‘Karbon Ayak İzi‘, bireylerin tüketim alışkanlıkları ve faaliyetleriyle doğaya ne kadar zarar verdiğini ortaya koyan bir değerlendirme ölçeğidir.
Harvard Halk Sağlığı Merkezi’nden Gregory Norris tarafından tanımlandığı üzere ‘El İzi‘ kavramı ise, bireysel uygulamalarla karbon ayak izini küçülterek doğal kaynakları korumaya destek olan faaliyetleri değerlendirme ölçeğidir.
Araba yerine bisiklet kullanmak, geri dönüşümü alışkanlık haline getirmek, tüketim alışkanlıklarımızda sadeleşmek ‘El İzi’ne örnek olabilir.
‘Bilinç İzi‘ kavramı ise İnsanlık Güneşi Vakfı ‘Bilinç Benimle Başlar’ projesi tarafından türetilmiş bir terimdir.
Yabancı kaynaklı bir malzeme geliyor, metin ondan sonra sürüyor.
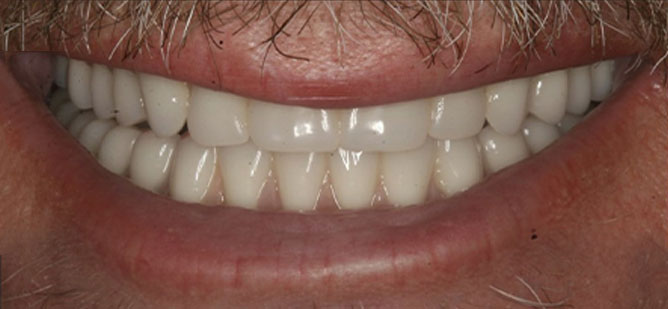 fixed teeth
Bilinç izi, gerek ayak izinin gerekse el izinin kök nedenleri olan duygu ve düşüncemizle, davranış ve eylemimizle çevremizde bıraktığımız İZ’dir. Bilinç izimiz, farkındalık seviyemizi, insana, çevreye ve dünyaya nasıl bir bilinçle yaklaştığımızı ve bunlarla olan karşılıklı etkileşimimizi gösterir.
‘El İzi’miz de bilinç izimizin ürünüdür. Örneğin, doğayla bir bütün olduğumuzun farkındalığıyla hareket edebilmemiz ‘Bilinç İzi’miz, ‘Karbon Ayak İzimizi’ azaltabilmek için ağaç dikmemiz ise ‘El İzi’mizdir.
Bireysel olduğunu düşündüğümüz her değişim ve gelişim aslında toplumdaki, çevremizdeki değişim ve dönüşümün başlangıcıdır. Bu şekilde bıraktığımız her ‘Bilinç İzi’ birbiriyle bağlanarak bütünü etkiler ve geleceğin tohumlarını atar.
Kendimizle ilgili algımızı değiştirerek değerimizi fark etmemiz, böylece yeni bakış açılarına sahip olmamız toplumu, çevreyi ve bütünü doğrudan etkiler.
Kendine değer katan insan, içinde bulunduğu topluma, çevreye ve geleceğe de değer katar.
Hande ERYILMAZ, 03 Mart 2020
Bu makale “Bilinç Benimle Başlar Projesinin”
HEPİMİZ Serisinden esinlenerek kaleme alınmıştır.